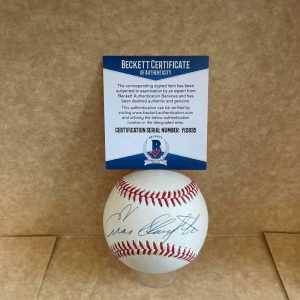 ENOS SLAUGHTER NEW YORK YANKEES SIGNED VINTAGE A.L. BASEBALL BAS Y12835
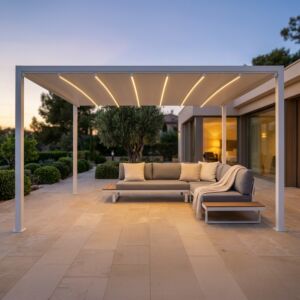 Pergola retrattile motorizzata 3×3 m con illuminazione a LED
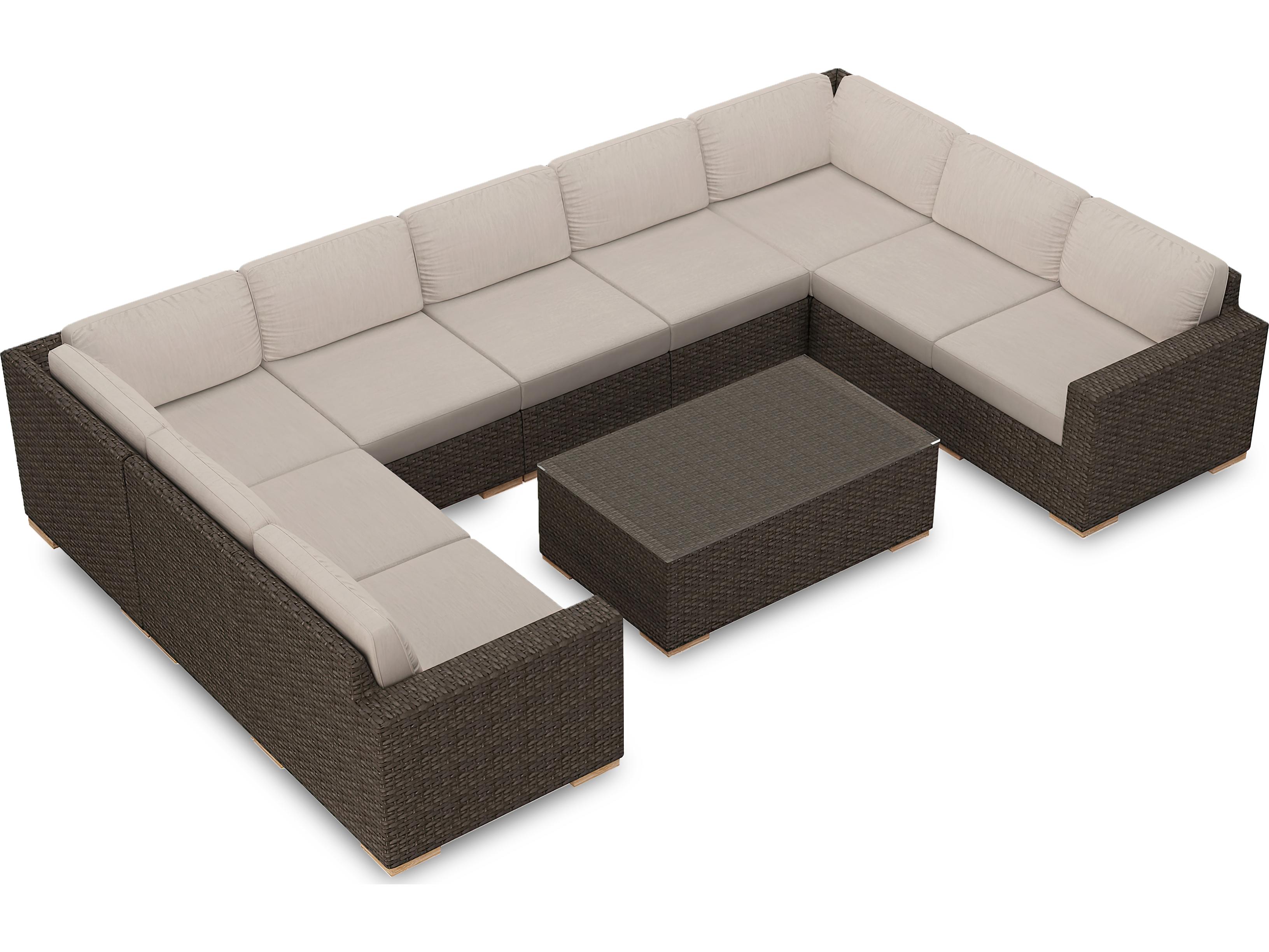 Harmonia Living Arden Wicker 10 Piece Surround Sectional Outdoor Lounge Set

**EXERCISE DESCRIPTION**
Write out exactly the lines from the line that contains "Pergola retrattile motorizzata" through the end of the material, including both ends. No pictures belong in the copy.

**SOLUTION TO THE EXERCISE**
 Pergola retrattile motorizzata 3×3 m con illuminazione a LED
 Harmonia Living Arden Wicker 10 Piece Surround Sectional Outdoor Lounge Set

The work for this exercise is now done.